Quadratic Equations and Completing the Square

[Black_Mamba]

I am stuck on this problem. I can reach the correct answer with the quadratic formula, but not with the method suggested (completing the square). Thanks in advance.

The problem is:
$$2x^2+8x+1=0$$

This is what I tried:
$$2x^2+8x=-1$$
$$2(x^2+4x)=-1$$
$$2(x^2+4x+4)=-1+8$$
$$2(x+2)^2=7$$
$$(x+2)^2=\frac{7}{2}$$
$$x=-2+\sqrt{\frac{7}{2}}$$

 

[courtrigrad]

$$2x^{2} + 8x + 1 = 0$$. First divide the equation by $$2$$. So we get: $$x^{2} + 4x + \frac{1}{2} = 0$$.

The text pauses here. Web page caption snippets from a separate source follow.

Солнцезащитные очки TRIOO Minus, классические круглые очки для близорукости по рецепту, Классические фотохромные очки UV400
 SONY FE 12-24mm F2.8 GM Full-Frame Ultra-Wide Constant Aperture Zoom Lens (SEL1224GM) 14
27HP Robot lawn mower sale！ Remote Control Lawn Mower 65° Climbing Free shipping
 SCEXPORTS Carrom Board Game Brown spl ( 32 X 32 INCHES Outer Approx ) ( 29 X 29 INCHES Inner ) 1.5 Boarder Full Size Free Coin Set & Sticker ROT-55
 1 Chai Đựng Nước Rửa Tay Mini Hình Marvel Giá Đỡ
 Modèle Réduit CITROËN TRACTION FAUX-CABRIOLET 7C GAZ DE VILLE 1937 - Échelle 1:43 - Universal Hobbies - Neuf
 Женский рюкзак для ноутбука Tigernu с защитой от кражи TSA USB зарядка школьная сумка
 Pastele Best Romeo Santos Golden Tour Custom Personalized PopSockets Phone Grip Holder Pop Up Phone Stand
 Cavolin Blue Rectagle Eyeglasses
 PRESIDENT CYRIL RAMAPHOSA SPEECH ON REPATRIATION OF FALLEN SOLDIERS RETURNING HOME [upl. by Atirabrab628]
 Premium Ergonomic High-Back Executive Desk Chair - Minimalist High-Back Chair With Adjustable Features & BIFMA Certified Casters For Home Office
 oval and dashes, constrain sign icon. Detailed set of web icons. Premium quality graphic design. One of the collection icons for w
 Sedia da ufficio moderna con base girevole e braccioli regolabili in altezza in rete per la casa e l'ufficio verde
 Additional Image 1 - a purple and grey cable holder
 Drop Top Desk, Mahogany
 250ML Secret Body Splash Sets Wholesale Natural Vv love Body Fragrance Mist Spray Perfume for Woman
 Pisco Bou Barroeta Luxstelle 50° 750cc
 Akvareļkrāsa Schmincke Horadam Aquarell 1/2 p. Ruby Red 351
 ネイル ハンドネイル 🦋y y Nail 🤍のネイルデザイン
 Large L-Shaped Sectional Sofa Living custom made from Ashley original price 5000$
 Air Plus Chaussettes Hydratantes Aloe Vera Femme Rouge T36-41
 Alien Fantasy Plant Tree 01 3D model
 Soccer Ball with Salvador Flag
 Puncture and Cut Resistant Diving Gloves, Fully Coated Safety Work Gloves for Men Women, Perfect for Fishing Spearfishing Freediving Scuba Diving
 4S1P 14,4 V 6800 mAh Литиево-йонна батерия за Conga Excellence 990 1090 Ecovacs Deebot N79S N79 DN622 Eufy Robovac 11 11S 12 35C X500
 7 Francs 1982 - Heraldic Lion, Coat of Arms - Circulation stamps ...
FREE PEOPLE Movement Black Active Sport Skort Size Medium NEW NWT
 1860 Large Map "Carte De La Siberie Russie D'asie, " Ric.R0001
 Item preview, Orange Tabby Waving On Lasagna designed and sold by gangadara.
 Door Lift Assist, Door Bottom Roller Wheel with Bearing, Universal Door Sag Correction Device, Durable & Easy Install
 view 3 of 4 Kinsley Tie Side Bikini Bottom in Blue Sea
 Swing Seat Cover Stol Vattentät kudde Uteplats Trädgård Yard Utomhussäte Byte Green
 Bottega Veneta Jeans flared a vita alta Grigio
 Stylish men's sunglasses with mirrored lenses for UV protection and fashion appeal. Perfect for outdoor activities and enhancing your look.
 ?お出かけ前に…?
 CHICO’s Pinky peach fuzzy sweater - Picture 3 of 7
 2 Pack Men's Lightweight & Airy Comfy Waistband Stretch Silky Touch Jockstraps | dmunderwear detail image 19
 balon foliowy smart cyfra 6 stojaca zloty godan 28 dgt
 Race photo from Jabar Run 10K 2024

So $$x^{2} + 4x = -\frac{1}{2}$$.

$$x^{2} + 4x + 4 = \frac{7}{2}$$
$$(x+2)^{2} = \frac{7}{2}$$.
$$x+2 = \sqrt{\frac{7}{2}}$$.
$$x = \sqrt{\frac{7}{2}} -2$$.

 

[Black_Mamba]

Thanks for the quick reply, but the answer is supposed to end up being

$$x=-2+{\frac{\sqrt14}{2}}$$

 

[courtrigrad]

$$\sqrt{\frac{7}{2}} = \frac{\sqrt{7}}{\sqrt{2}}\frac{\sqrt{2}}{\sqrt{2}} = \frac{\sqrt{14}}{2}$$. It is the same answer. They just rationalized the denominator.

 

[Black_Mamba]

Ohh.. I see. Silly me. Thank you!